Risk Management

Investors Sue Dell over Alleged Kickback

Investors file a lawsuit claiming that Dell is involved in an alleged kickback deal with chipmaker Intel.
Marie LeoneFebruary 2, 2007

Investors are accusing Dell Inc. of an accounting kickback scheme involving chipmaker Intel Corp., according to a report in The Wall Street Journal. In a lawsuit filed on Wednesday, investors charge that Dell is being paid as much as $1 billion annually by Intel to assure that Dell uses only Intel chips in its computers, noted the Journal.

CFO.com was unable to confirm the report with Dell or lead plaintiff’s attorney William Lerach. Dell spokesman Dwayne Cox told CFO.com that the company “does not comment on pending litigation.” The law firm could not be reached at press time.

The shareholder suit, which was filed in U.S. District Court in Austin, Texas, is the second that law firm Lerach Coughlin Stoia Geller Rudman & Robbins has filed against Dell in recent months. In September, it filed a suit on behalf of Dell investors claiming that the computer maker and certain officers and directors of the company caused Dell to report inflated financial results, “including misstating the reserves reported to the Company’s balance sheet.”

The September suit was likely sparked by a regulatory filing Dell issued in December in which it disclosed that it needed more time to file its fiscal third-quarter results for the period ended November 3 “due to questions raised” in connection with ongoing investigations by the Securities and Exchange Commission, the company’s audit committee, and the U.S. Attorney for the Southern District of New York.

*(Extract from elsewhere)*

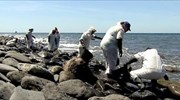 Ισπανία: Πετρελαιοκηλίδα στις Κανάριες Νήσους μετά τη βύθιση ρωσικού αλιευτικού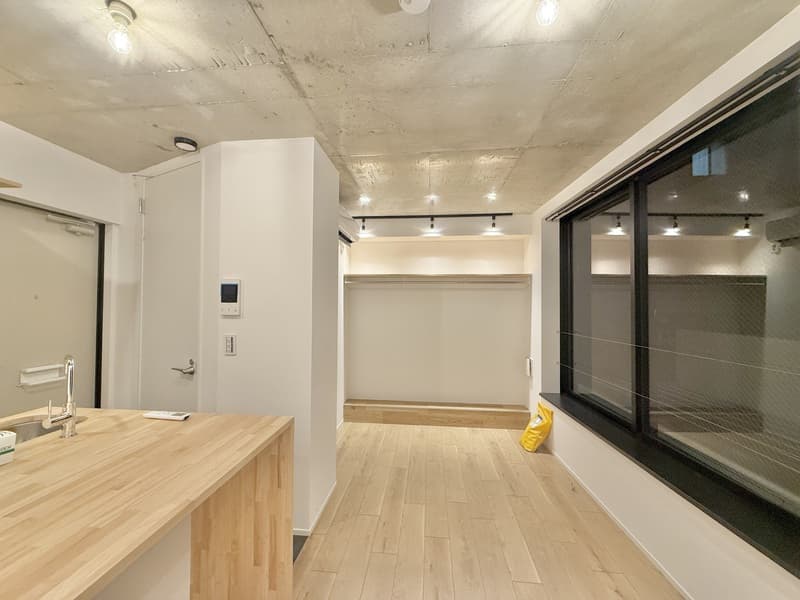 Room image 9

Dell had previously stated that the probes were related to certain accounting and financial-reporting matters, including the possibility of misstatements in prior financial reports and issues relating to reserves and other balance-sheet items that may affect the company’s previously reported results.

The company made headlines earlier this week when Michael Dell announced he would return as chief executive officer of the company he founded, while retaining the position of chairman. He replaces Kevin Rollins, who took the helm three years ago. Rollins also resigned from the board of directors. At the time, Dell also announced it expects its fiscal fourth-quarter results to be below the average of First Call estimates for both revenue and earnings per share.

The shuffle at the top is the second for the company in little more than a month. In December, chief financial officer James M. Schneider departed to become executive chairman of Frontier Bancshares.

Dell is currently working to meet its stock-exchange listing requirements and SEC filing deadlines. On January 23, the company announced in a regulatory filing that it must provide Nasdaq with certain information regarding the previously announced audit-committee investigation by March 1, and file its delinquent periodic financial reports by March 14, to retain its listing on the exchange.

The company also said it expects to supply Nasdaq with the requested information by the March 1 deadline. And while it is working “diligently” to file the delinquent reports with the SEC as soon as possible, Dell does not expect to meet the March 14 deadline. However, the company plans to ask the Nasdaq Listing and Hearing Review Council for additional time to file the quarterly reports, “but there can be no assurance that the Council will grant the company’s request,” noted the filing.